- Map showing Jamkoriapur (#579) in Khiron CD block
- Jamkoriapur Location in Uttar Pradesh, India
- Coordinates: 26°15′11″N 80°58′05″E﻿ / ﻿26.2530°N 80.9680°E
- Country: India
- State: Uttar Pradesh
- District: Raebareli

Area
- • Total: 1.69 km^{2} (0.65 sq mi)

Population (2011)
- • Total: 881
- • Density: 521/km^{2} (1,350/sq mi)

Languages
- • Official: Hindi
- Time zone: UTC+5:30 (IST)
- Vehicle registration: UP-35

= Jamkoriapur =

Jamkoriapur is a village in Khiron block of Rae Bareli district, Uttar Pradesh, India. It is located 21 km from Lalganj, the tehsil headquarters. As of 2011, it has a population of 881 people, in 191 households. It has one primary school and no healthcare facilities and it hosts a weekly haat but not a permanent market. It belongs to the nyaya panchayat of Tikwamau.

The 1951 census recorded Jamkoriapur as comprising one hamlet, with a total population of 221 people (112 male and 109 female), in 46 households and 43 physical houses. The area of the village was given as 347 acres. Eight residents were literate, all male. The village was listed as belonging to the pargana of Khiron and the thana of Gurbakshganj.

The 1961 census recorded Jamkoriapur as comprising one hamlet, with a total population of 260 people (126 male and 134 female), in 53 households and 52 physical houses. The area of the village was given as 347 acres.

The 1981 census recorded Jamkoriapur as having a population of 424 people, in 81 households, and having an area of 148.93 ha. The main staple foods were given as wheat and rice.
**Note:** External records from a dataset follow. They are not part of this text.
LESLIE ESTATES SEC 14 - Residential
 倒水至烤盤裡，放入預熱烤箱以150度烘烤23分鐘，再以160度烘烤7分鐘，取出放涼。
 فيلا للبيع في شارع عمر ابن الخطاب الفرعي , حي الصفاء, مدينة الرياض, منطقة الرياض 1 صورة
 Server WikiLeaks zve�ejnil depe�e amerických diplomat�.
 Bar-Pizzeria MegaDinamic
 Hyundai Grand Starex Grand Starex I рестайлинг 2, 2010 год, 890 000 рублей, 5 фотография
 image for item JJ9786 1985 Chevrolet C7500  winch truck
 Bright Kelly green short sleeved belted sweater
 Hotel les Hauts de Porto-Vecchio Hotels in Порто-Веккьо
The 1991 census recorded Jamkoriapur (as "Jam Koriyapur") as having a total population of 458 people (214 male and 244 female), in 95 households and 95 physical houses. The area of the village was listed as 149 ha. Members of the 0-6 age group numbered 104, or 23% of the total; this group was 55% male (57) and 45% female (47). Members of scheduled castes made up 26% of the village's population, while no members of scheduled tribes were recorded. The literacy rate of the village was 17% (70 men and 9 women). 89 people were classified as main workers (77 men and 12 women), while no people were classified as marginal workers; the remaining 369 residents were non-workers. The breakdown of main workers by employment category was as follows: 57 cultivators (i.e. people who owned or leased their own land); 26 agricultural labourers (i.e. people who worked someone else's land in return for payment); no workers in livestock, forestry, fishing, hunting, plantations, orchards, etc.; no in mining and quarrying; no household industry workers; no workers employed in other manufacturing, processing, service, and repair roles; no construction workers; no employed in trade and commerce; two employed in transport, storage, and communications; and four in other services.